Creating The Three Furies has taken me on a journey of questions. It has been such an interesting process because there were more questions than there were answers. It became a journey of exploration.

When we walked into the rehearsal space we made a number of assumptions. We thought we understood our naming process, we thought we understood the shape the content would take, and finally we thought it would be a linear process.
Very early on during the course of our first session together, we were asking ourselves: ‘Why the title of The Three Furies?’ ‘What is the difference between anger and fury?’ ‘How have we been conditioned to write women?’ ‘We write for women but do we write as women?’ ‘How do we understand women’s fury?’ ‘Is there such a thing and how does it manifest’

My personal process began at that place where I realized, and had to admit, that I had no poems that spoke of or spoke to my own anger.
Zena asked me, ‘Where are your anger poems?’ I had nothing to offer her. Instead, I started crying.

There was this big silence. It became a question, ‘Why?’

This question would weave its way into the entire framework of our creative process. It moved from the safety of exclusively making statements to interrogating our perspectives.

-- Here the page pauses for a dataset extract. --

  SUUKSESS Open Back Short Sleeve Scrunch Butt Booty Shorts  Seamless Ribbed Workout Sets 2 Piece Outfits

Asked to consider and explore and my anger, I had to face up to the fact that I had written all of this material I thought suitable but it didn’t say anything. I wrote around it and I wrote for - I didn’t write about. I was missing from the narrative of my own life.

This is a painful realization to have to admit to as a writer. To have to open yourself to a new kind of awareness, one that says, ‘you too are implicated’. My experience of that first session challenged me profoundly. Though the discovery of the artist in me has strengthened me into visibility and voice, it has also become something to hide behind. At times, when I have been incapable of admitting to my own vulnerability, I have opted for saying the right thing instead of the thing that needed to be said. Working on the Three Furies has revealed the lies I tell myself. It is a process that has shed light on those areas where I need to excavate deeper, and more honestly. This process

With our sketch performance in Cape Town only a week away, I had to start over. I had to start there. I had to tell the truth. To work with where I really was in my personal process and not where I thought I should be. I have come to realize how adept we are at being able to speak about the external/public issues that anger us but how difficult we find it to express the personal.

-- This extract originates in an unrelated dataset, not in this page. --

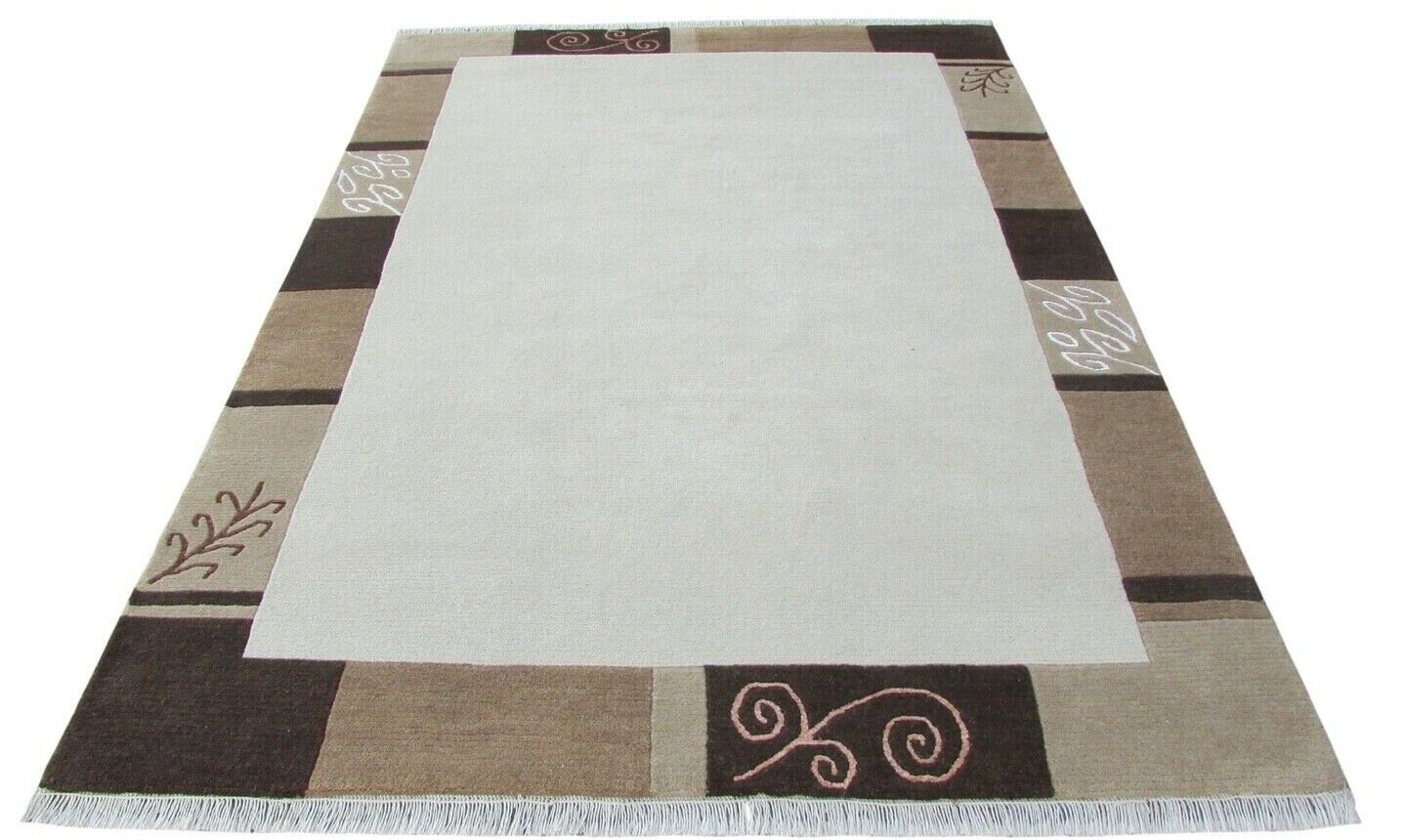 Nepal Teppich Handgeknüpft Braun Beige 100% Wolle Orientteppich 163x228 cm N-73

Invaluable performance material emerged from the cracks in our initial perception. We recorded the impromptu conversations that came out of that first session and we used them as our opening soundscape. And we also reconstructed the set design to accommodate and reflect our new insights.

There is the woman who first walked into the rehearsal space in late March carrying undefined and significant silences within her.  And now there is the woman who walks away from this process trying everyday to give herself the space to understand her anger and to allow it to take her in whatever direction is necessary. The Three Furies process has reminded me how critical it is to not judge the process. That in fact the ability to sit inside the uncomfortable has a direct impact on the nature of the outcome. It is the key. In now being aware of this I am learning to not only listen out for the process but to trust it too.

These days I strive for balance. The strength it takes to suppress must become the strength to recognize, acknowledge and channel my anger. It must become the strength to use it – to risk healing.